Jesus knew from the very beginning that Judas Iscariot would betray Him (John 2:24,25) but He chose to give Judas an opportunity to know the truth and be purified by it. Jesus told His disciples, “Have I not chosen you, the Twelve? Yet one of you is a devil!” (John 6:70). Judas was blinded to his own weakness of character and Christ lovingly placed him where he would have an opportunity to see and correct his life.
Judas wanted to be among the disciples and the Savior did not reject him. He gave him a place among the twelve. And He trusted him to do the work of a disciple. He granted him the power to heal the sick and to cast out devils (Matthew 10:1). Judas witnessed the Savior’s mighty works and he felt in his own person the evidence of Christ’s divinty. He recognized the teaching of Christ as superior to all that he had ever heard. And He loved the Great Teacher and desired to be with Him.
But Judas did not surrender himself fully to Christ. He had a strong love for money and fostered the evil spirit of greed until it became the driving force in his life (Matthew 6:24). He did not give up his worldly ambition or his love for material things. While he accepted the position of an evangelist for Christ, he did not bring himself under the divine power of transformation (Romans 6:16). And he was not pleased when the Lord didn’t capitalize on opportunities to have worldly honor (John 14:22).

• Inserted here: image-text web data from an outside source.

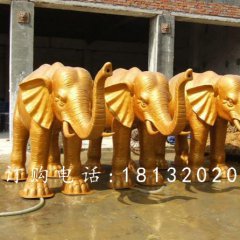 玻璃钢大象雕塑，仿铜大象雕塑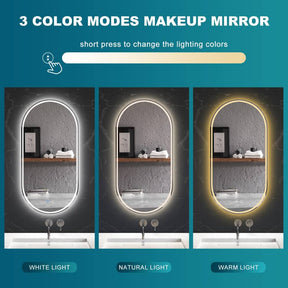 Oval LED Bathroom Mirror Wall Mounted Smart Vanity Decorative Mirrors 90x45cm - Elegantshowers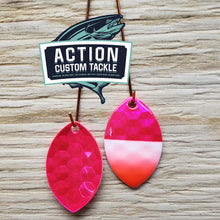 Load image into Gallery viewer, Silver blade series, 3.5 Cascade, Candy Pink back, White Red tip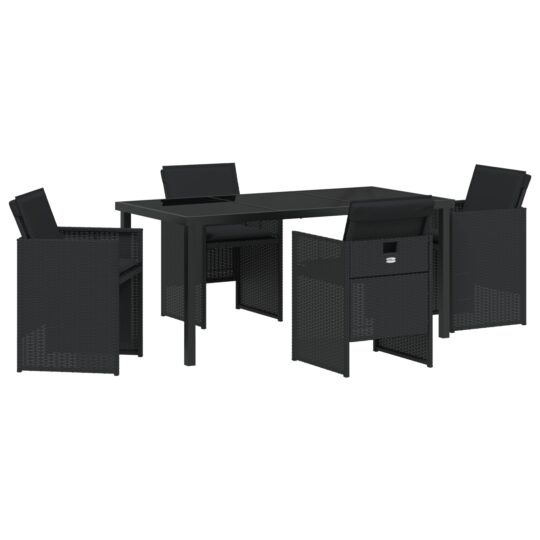 Alternative view of Set de masă pentru grădină cu pernă 5 pcs Negru Rattan poli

Judas was the treasurer for the disciples and used this trusted position to steal from the resources (John 12:6). Finally, at the Last Supper, Jesus predicted His betrayal and identified the him as the betrayer: “Jesus answered, ‘It is the one to whom I will give this piece of bread when I have dipped it in the dish.’ Then, dipping the piece of bread, he gave it to Judas Iscariot, son of Simon” (John 13:26). The gospel of Matthew 26:13–15, tells us that the chief priests paid Judas “thirty silver coins” to betray the Lord. And this disciple made a conscious choice to betray Jesus (Luke 22:48).

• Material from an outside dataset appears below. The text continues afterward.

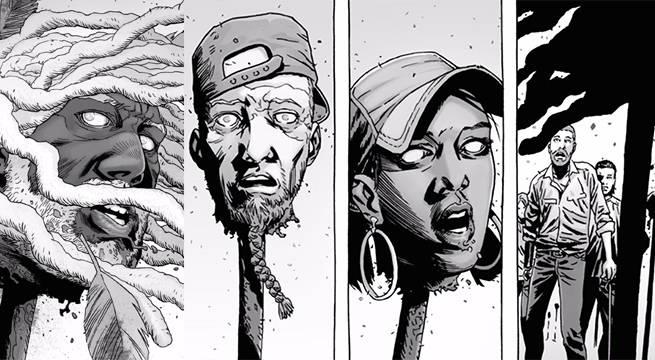 The Walking Dead: le teste sulle picche nel fumetto The Walking Dead: la terribile strage di Alpha nel fumetto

Judas’ story is a reminder of two lessons. The first lesson shows the loving patience of the Savior in giving the vilest sinner a chance to reform and change with God’s saving grace (1 Timothy 2:4). And the second lesson tells of the wickedness of sin and how it blinds those that stick to it from getting saved. The history of Judas presents the sad ending of a life that might have been honored by God (2 Peter 3:9).